> What the task requires
Exclude images; transcribe the rest of the data exactly.

> Information shown
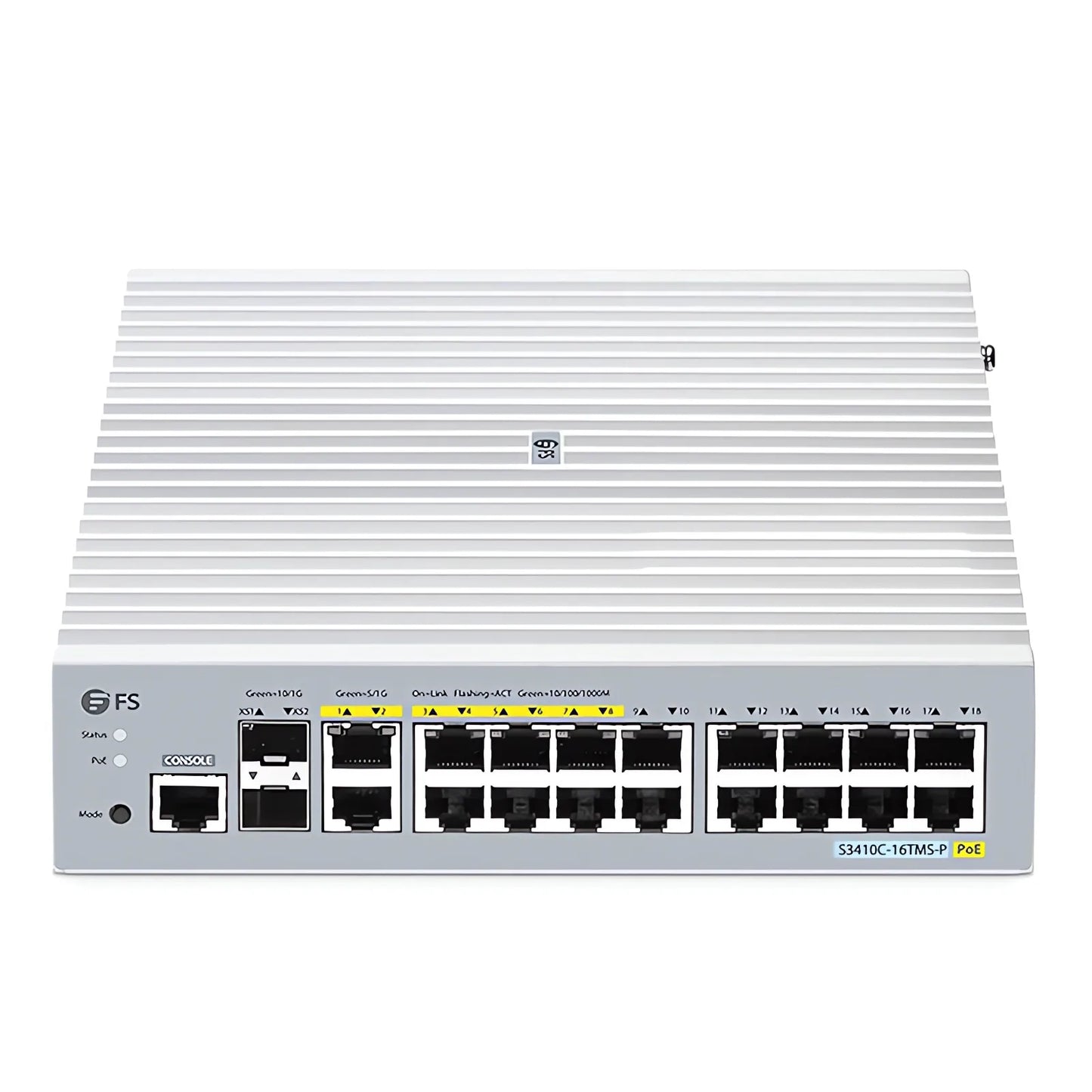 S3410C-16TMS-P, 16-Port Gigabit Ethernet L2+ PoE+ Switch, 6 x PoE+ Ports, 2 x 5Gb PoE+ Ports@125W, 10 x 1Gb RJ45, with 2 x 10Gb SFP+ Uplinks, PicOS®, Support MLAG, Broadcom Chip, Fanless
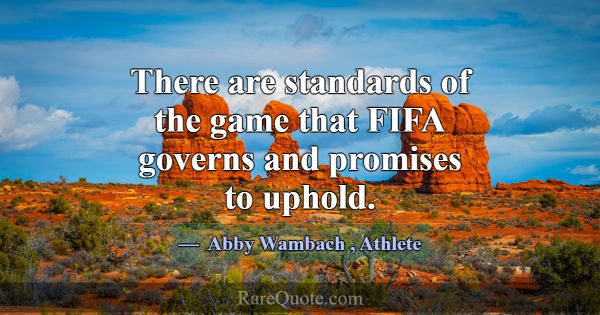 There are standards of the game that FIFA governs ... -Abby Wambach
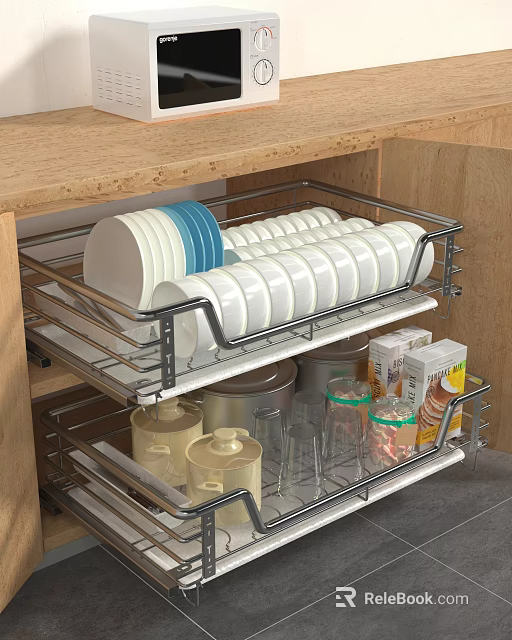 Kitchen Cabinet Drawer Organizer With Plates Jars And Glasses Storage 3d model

> Answer box
 S3410C-16TMS-P, 16-Port Gigabit Ethernet L2+ PoE+ Switch, 6 x PoE+ Ports, 2 x 5Gb PoE+ Ports@125W, 10 x 1Gb RJ45, with 2 x 10Gb SFP+ Uplinks, PicOS®, Support MLAG, Broadcom Chip, Fanless
 There are standards of the game that FIFA governs ... -Abby Wambach
 Kitchen Cabinet Drawer Organizer With Plates Jars And Glasses Storage 3d model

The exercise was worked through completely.